--- TASK INPUTS Enclosed Below ---
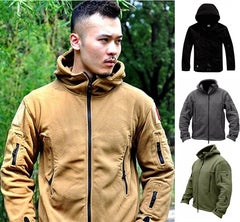 Men's Outdoor Cold Protection Hooded Jacket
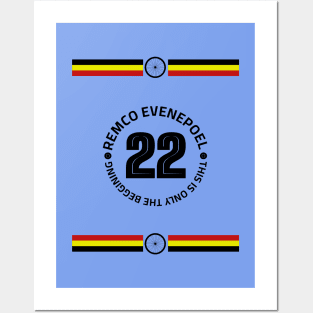 Evenepoel Champion - La Vuelta 2022 (The Beginning) Posters and Art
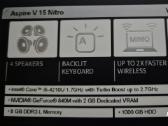 Acer Aspire V 15 Nitro - nuotraukos Nr. 5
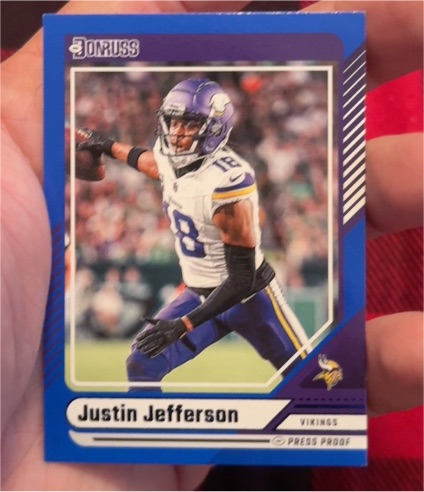 2024 Panini Donruss #215 Justin Jefferson — front
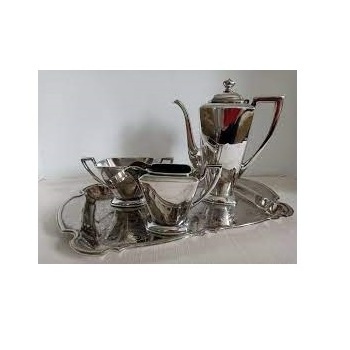 Factory Shiny Metal Coffee Kettles With Silver Plated Finishing Custom Made Tea Kettles Best For Home And Hotel Use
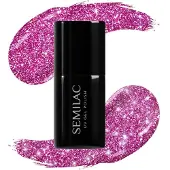 Semilac UV Colours UV Gel Polish Gellack 7 ml 462 Pink Bubbles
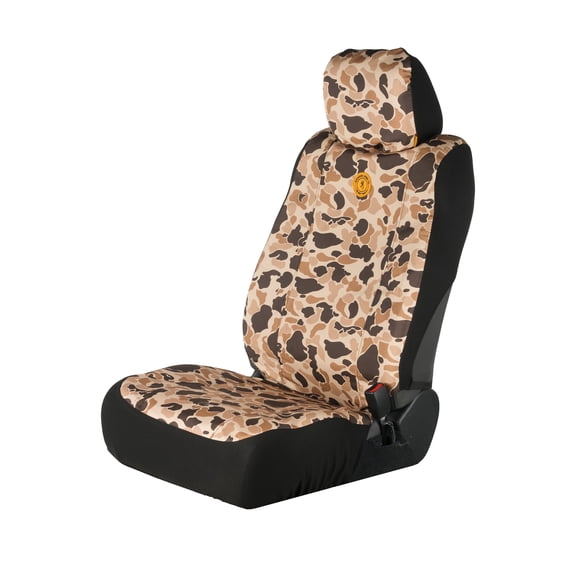 Browning Universal Low Back, Water and Dirt Resistant Car, Truck, and SUV Seat Covers, Arms Co. (Tan Duck Camo)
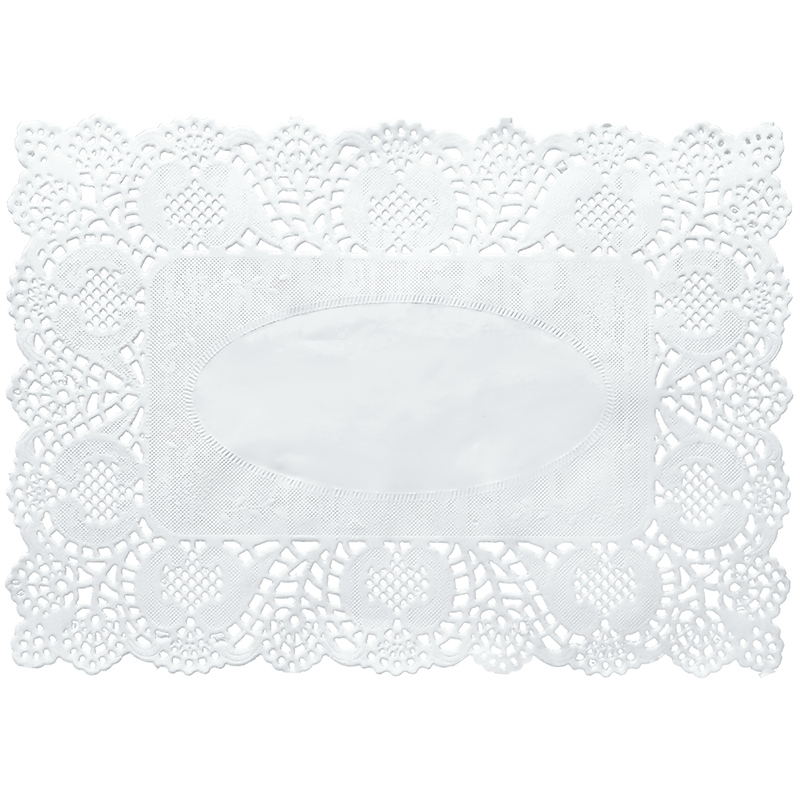 Салфетка кружевная бумажная 160х225 мм 250 шт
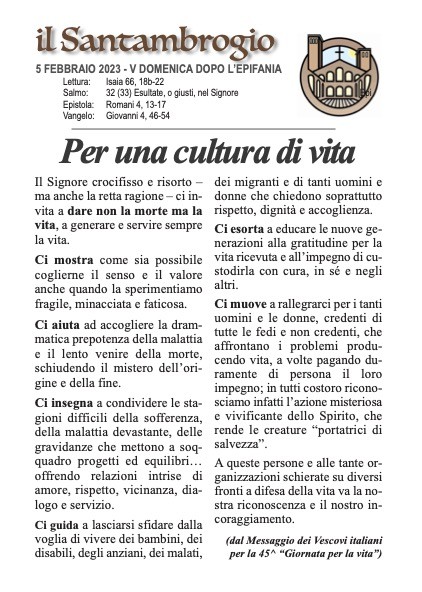 Il Santambrogio 5 febbraio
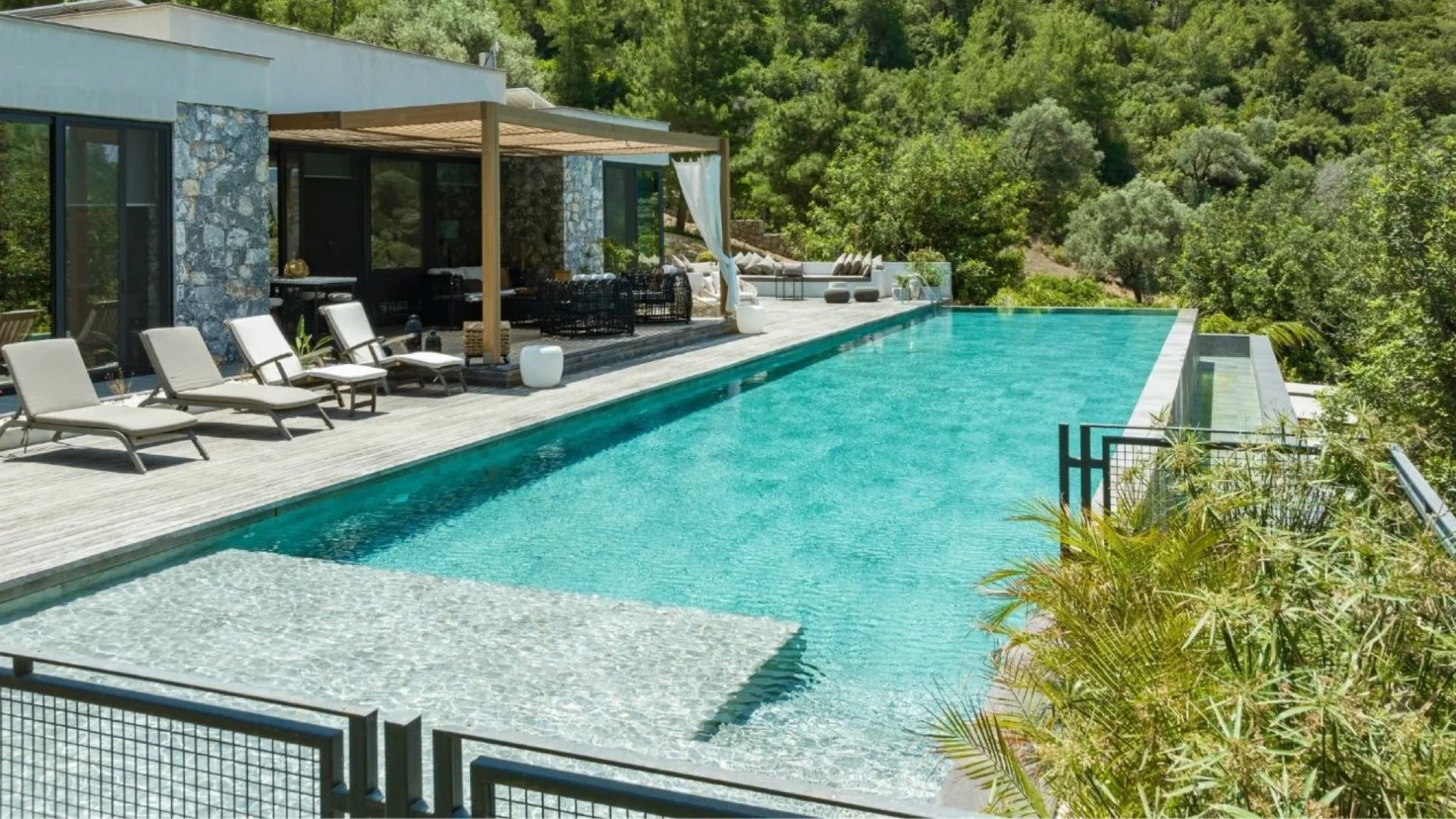 Antique Grey Bodrum Villa Havuzu Projesi
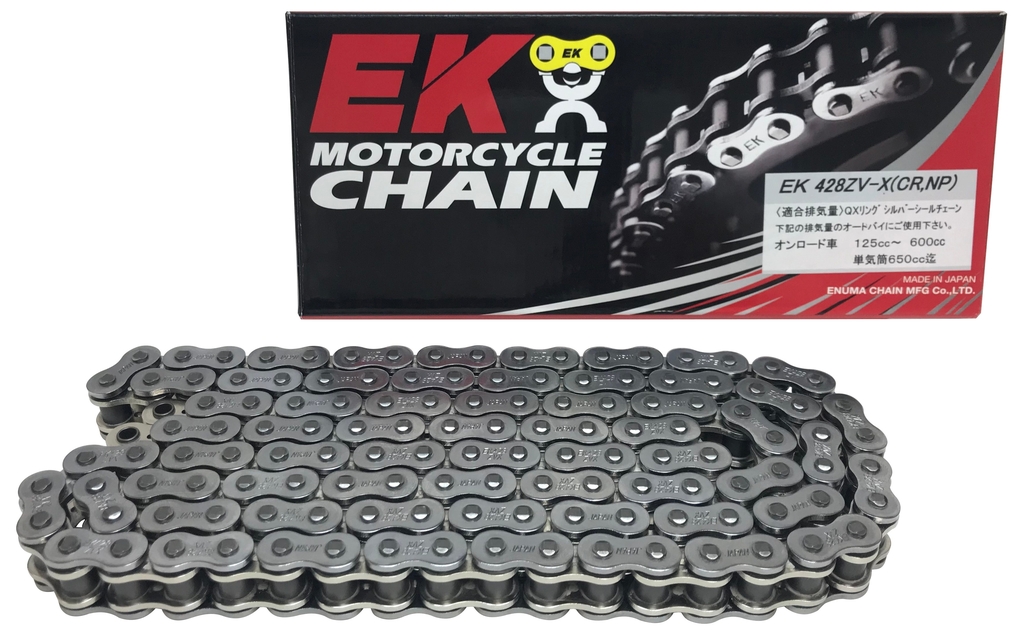 Ek Chain Qx 油封鏈條 428zvx 428zvx Cr Np 100l Mlj Webike摩托百貨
--- End of Enclosed TASK INPUTS ---
ABOUT THIS EXERCISE
When you reach the line with "Factory Shiny Metal" in the records above, begin repeating the lines exactly, and stop after the line with "Semilac UV Colours". Skip all pictures.

ANSWER SECTION
 Factory Shiny Metal Coffee Kettles With Silver Plated Finishing Custom Made Tea Kettles Best For Home And Hotel Use
 Semilac UV Colours UV Gel Polish Gellack 7 ml 462 Pink Bubbles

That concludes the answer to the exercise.